**DATASET EXTRACT**.

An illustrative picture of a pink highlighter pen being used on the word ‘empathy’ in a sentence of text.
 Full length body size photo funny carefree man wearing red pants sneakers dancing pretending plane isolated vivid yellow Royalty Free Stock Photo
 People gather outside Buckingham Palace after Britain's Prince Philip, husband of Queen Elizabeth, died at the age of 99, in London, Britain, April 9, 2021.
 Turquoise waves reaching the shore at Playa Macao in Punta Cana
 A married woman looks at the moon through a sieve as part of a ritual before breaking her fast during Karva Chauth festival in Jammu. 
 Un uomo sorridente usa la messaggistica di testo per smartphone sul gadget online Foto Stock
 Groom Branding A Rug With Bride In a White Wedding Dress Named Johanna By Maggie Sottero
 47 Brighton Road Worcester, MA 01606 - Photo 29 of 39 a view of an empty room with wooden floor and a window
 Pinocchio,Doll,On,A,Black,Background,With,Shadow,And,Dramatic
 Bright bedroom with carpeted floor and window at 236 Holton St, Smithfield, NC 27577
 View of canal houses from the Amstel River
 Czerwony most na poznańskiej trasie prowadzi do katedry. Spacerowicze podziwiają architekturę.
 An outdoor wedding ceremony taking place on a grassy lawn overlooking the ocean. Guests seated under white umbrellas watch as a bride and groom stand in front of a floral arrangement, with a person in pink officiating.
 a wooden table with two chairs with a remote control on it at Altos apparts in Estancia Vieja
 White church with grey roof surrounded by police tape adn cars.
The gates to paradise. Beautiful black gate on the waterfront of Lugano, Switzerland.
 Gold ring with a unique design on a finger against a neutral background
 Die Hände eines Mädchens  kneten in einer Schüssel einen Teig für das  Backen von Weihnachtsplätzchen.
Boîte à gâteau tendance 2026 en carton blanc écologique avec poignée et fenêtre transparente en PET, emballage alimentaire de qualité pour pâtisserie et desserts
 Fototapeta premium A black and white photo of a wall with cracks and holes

**PROBLEM DETAILS**. Look for "47 Brighton Road" in the records. Write out its line and every later line through the end exactly, with nothing more.

**TASK RESPONSE**.
 47 Brighton Road Worcester, MA 01606 - Photo 29 of 39 a view of an empty room with wooden floor and a window
 Pinocchio,Doll,On,A,Black,Background,With,Shadow,And,Dramatic
 Bright bedroom with carpeted floor and window at 236 Holton St, Smithfield, NC 27577
 View of canal houses from the Amstel River
 Czerwony most na poznańskiej trasie prowadzi do katedry. Spacerowicze podziwiają architekturę.
 An outdoor wedding ceremony taking place on a grassy lawn overlooking the ocean. Guests seated under white umbrellas watch as a bride and groom stand in front of a floral arrangement, with a person in pink officiating.
 a wooden table with two chairs with a remote control on it at Altos apparts in Estancia Vieja
 White church with grey roof surrounded by police tape adn cars.
The gates to paradise. Beautiful black gate on the waterfront of Lugano, Switzerland.
 Gold ring with a unique design on a finger against a neutral background
 Die Hände eines Mädchens  kneten in einer Schüssel einen Teig für das  Backen von Weihnachtsplätzchen.
Boîte à gâteau tendance 2026 en carton blanc écologique avec poignée et fenêtre transparente en PET, emballage alimentaire de qualité pour pâtisserie et desserts
 Fototapeta premium A black and white photo of a wall with cracks and holes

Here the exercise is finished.